4. Disparities in Technology Access
The pandemic made it all too stark how disparate technology access is in America. A crashed computer might not be the end of the world for someone with others in the home. If it’s the family’s only one, it could spell absenteeism and missed learning opportunities.
This disparity threatens to deepen the already vast income inequality in the U.S. As housing prices soar, more families flee to rural areas to avoid ever-rising rents. However, many such locations lack the kind of high-speed connection necessary to run today’s intense educational apps, at least consistently and well. Those remaining in urban areas might find themselves caught between affording a roof and internet access. Triage demands that they put survival first, even as they fall further behind.
5. The Need for Intrinsic Motivation
Finally, online education requires learners to harness their intrinsic motivation to complete their work. While this independence breeds resilience and time management skills, it risks frustrating those who lack the necessary knowledge of keeping themselves on task without a teacher hanging over their shoulders.

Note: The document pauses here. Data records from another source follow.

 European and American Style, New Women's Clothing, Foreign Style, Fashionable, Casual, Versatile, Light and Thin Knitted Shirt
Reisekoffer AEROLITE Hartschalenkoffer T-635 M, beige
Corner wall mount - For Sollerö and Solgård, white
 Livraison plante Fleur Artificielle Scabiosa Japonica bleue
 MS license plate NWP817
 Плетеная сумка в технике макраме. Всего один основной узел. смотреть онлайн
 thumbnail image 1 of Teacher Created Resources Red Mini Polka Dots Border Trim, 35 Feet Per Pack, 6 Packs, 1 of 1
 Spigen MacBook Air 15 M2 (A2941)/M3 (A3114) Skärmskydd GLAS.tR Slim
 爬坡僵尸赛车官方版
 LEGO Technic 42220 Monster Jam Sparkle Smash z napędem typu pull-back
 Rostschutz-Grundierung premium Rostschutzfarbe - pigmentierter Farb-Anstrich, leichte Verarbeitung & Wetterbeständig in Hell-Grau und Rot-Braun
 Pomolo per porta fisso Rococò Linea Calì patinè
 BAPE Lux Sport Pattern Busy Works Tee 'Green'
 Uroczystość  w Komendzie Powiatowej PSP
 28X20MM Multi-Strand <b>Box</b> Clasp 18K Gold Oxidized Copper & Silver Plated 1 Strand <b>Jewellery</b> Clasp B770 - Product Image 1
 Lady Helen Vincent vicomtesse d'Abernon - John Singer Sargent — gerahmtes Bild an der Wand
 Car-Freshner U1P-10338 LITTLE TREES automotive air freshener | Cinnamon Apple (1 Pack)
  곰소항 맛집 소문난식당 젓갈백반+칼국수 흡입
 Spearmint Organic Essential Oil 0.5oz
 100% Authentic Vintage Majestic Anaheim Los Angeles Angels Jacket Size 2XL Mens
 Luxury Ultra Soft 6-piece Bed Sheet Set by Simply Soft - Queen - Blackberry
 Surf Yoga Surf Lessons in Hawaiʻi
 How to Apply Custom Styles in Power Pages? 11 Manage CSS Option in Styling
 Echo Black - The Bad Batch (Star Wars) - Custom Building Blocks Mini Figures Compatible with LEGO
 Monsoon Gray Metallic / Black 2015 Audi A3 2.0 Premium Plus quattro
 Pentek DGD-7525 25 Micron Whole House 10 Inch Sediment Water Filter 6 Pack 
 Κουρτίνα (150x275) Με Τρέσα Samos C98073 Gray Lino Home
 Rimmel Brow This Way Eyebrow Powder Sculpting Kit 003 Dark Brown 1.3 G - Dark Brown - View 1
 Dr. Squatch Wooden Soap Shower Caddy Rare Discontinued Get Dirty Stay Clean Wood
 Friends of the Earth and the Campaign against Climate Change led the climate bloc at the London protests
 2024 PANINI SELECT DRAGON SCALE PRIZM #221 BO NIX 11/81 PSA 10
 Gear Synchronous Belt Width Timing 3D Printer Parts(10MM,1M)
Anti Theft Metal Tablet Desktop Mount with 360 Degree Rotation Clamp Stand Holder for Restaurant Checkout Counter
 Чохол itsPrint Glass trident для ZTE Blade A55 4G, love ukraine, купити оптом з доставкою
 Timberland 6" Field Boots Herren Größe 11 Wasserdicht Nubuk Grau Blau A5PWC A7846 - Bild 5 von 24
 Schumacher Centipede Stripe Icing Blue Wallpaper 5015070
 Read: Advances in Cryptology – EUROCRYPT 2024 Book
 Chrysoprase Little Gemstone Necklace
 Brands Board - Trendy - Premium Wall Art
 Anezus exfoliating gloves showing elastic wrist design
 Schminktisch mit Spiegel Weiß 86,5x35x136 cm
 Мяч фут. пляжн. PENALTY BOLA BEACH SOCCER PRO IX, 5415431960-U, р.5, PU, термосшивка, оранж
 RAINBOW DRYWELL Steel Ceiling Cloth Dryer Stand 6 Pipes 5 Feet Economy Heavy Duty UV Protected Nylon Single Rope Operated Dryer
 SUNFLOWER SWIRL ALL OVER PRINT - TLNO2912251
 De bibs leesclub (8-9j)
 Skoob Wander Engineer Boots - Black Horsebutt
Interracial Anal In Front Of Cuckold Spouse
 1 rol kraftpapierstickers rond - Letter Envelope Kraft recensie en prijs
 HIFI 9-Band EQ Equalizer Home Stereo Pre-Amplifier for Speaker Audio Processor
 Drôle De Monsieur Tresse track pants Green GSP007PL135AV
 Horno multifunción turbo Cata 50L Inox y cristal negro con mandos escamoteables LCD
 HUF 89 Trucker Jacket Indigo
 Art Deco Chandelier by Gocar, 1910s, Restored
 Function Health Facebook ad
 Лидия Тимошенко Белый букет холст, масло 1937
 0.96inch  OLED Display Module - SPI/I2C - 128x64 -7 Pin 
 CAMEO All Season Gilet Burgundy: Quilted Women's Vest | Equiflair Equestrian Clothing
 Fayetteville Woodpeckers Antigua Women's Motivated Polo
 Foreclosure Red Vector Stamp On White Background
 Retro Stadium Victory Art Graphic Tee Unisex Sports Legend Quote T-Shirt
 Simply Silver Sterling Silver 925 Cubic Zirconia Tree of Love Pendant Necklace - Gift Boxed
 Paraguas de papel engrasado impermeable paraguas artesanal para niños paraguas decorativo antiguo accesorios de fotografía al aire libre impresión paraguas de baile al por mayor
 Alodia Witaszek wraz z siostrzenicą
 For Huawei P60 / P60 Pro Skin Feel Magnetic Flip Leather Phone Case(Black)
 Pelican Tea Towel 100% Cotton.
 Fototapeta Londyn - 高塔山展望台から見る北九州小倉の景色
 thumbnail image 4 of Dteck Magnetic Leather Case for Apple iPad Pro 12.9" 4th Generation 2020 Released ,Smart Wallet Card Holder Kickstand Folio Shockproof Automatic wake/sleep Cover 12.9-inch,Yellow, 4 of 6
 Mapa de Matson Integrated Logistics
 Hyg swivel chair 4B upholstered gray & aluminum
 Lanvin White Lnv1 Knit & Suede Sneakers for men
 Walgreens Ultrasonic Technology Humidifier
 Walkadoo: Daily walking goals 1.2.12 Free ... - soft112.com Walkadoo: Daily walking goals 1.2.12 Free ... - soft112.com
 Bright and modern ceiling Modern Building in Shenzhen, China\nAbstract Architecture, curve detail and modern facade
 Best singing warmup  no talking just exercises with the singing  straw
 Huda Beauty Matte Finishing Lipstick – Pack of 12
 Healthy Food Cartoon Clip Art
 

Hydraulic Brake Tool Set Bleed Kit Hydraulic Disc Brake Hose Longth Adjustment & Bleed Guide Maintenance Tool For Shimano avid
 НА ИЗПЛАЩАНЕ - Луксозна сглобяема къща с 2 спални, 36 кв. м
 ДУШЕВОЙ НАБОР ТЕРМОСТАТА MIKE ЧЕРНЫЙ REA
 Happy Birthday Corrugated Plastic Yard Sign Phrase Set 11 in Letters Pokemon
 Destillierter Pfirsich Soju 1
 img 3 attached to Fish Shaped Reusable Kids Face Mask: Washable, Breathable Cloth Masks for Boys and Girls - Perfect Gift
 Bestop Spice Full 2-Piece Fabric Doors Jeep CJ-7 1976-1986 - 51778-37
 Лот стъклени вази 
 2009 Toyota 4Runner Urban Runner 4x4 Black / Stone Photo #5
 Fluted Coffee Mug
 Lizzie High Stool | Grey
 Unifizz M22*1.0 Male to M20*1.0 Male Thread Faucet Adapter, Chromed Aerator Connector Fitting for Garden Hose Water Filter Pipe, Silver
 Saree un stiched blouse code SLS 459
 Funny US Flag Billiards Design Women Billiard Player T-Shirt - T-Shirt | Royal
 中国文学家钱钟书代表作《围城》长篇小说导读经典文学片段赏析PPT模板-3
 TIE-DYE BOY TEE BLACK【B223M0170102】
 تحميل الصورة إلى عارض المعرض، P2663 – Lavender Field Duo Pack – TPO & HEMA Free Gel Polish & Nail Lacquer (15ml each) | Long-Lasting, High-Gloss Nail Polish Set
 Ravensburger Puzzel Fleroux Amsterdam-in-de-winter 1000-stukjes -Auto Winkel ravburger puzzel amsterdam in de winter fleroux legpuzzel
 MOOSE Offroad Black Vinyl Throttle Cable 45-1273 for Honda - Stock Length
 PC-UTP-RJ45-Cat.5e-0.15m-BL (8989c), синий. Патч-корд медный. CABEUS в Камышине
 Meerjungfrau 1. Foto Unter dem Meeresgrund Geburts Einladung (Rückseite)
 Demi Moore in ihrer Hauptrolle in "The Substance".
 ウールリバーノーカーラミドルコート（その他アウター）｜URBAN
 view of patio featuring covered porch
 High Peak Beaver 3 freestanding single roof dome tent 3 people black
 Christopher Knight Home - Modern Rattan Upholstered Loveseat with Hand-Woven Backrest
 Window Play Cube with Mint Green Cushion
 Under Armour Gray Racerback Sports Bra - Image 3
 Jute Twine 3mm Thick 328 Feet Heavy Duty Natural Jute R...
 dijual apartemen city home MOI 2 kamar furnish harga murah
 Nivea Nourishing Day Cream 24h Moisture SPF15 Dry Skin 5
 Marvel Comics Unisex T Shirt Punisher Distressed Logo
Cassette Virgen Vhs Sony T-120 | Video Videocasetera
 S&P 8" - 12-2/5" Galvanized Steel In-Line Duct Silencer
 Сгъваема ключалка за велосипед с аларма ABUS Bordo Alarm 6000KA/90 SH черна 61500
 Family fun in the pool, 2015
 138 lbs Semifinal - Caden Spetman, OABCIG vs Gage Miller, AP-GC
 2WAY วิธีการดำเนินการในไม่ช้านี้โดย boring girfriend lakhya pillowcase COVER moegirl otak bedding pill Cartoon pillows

Online learners benefit from using a planner, perhaps even more so than those in traditional schools. It doesn’t matter if they choose an app or paper, as long as it helps keep them on track with upcoming assignments and critical dates. Teachers should devote class time to showing students how to manage their time, making estimates for tasks and adjusting them as need be. People aren’t born knowing how to stay organized, but a little guidance sets them sailing.
Negative Aspects of Online Education
Online education offers multiple benefits. It keeps learning going even when outside factors — like a pandemic — disrupt typical routines. It also allows students to attend schools they might not otherwise be able to access due to financial and travel constraints.
However, online education has its negative aspects for all its charms. Fortunately, building awareness of these potential pitfalls lets students and educators bypass them and enjoy the rich learning experience they desire and deserve.